Green Guide

Large-scale animal farms' expired permits raise concerns

Posted May 17

— Wisconsin Department of Natural Resources statistics show that about a third of the state's large-scale animal farms operate under expired permits, which has raised concerns from some farmers.

Many of the permits for the concentrated animal feeding operations, or CAFOs, expired in 2016, Wisconsin Public Radio (http://bit.ly/2rs8Oln ) reported.

CAFO permits are issued every five years under federal and state rules, but it's not uncommon or illegal to operate a farm with an expired permit. The rules allow permits to stay effective until they're reissued, according to John Holevoet, spokesman for the Wisconsin Dairy Business Association.

"It's not as though these farms don't have a permit," Holevoet said. "They have a permit. They're 100 percent legally bound by their permit even though the initial timeframe is over. Until they have a new one, they must follow everything in that original permit."

Holevoet said the renewal process can anger farmers seeking to expand or update their operations.

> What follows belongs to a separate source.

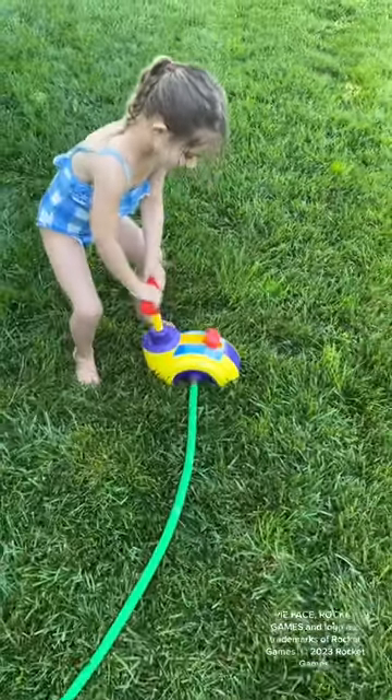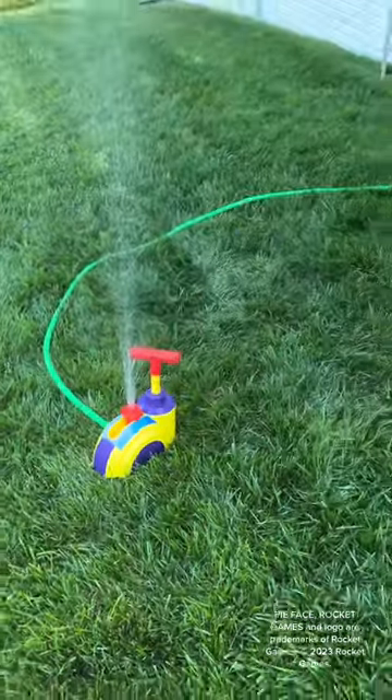You and your friends can take turns, and eventually someone's going to get splashed. This is a must-have for summertime.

"Because while your permit is in this limbo, you could not even do a simple construction project to the production site," Holevoet said. "So, if you need a new feed storage pad, you might have difficulty getting that completed during this limbo period of time."

Department of Natural Resources officials said staffing levels haven't kept pace with the growing workload as the number of large farms increases. Department spokesman Jim Dick said the agency added four new positions to increase large-scale farm inspections.

Wisconsin exceeded its 15 percent backlog threshold for CAFO permits in 2012 and 2013. The Natural Resources Department worked to reduce that to nearly 10 percent in 2014 and 2015.

Gov. Scott Walker has asked the Natural Resources Department and the Wisconsin Department of Agriculture, Trade and Consumer Protection to review whether CAFO regulation should be transferred to state agriculture officials. The study is part of the governor's 2017-2019 budget proposal. If approved, the study would have to be completed by the end of 2018.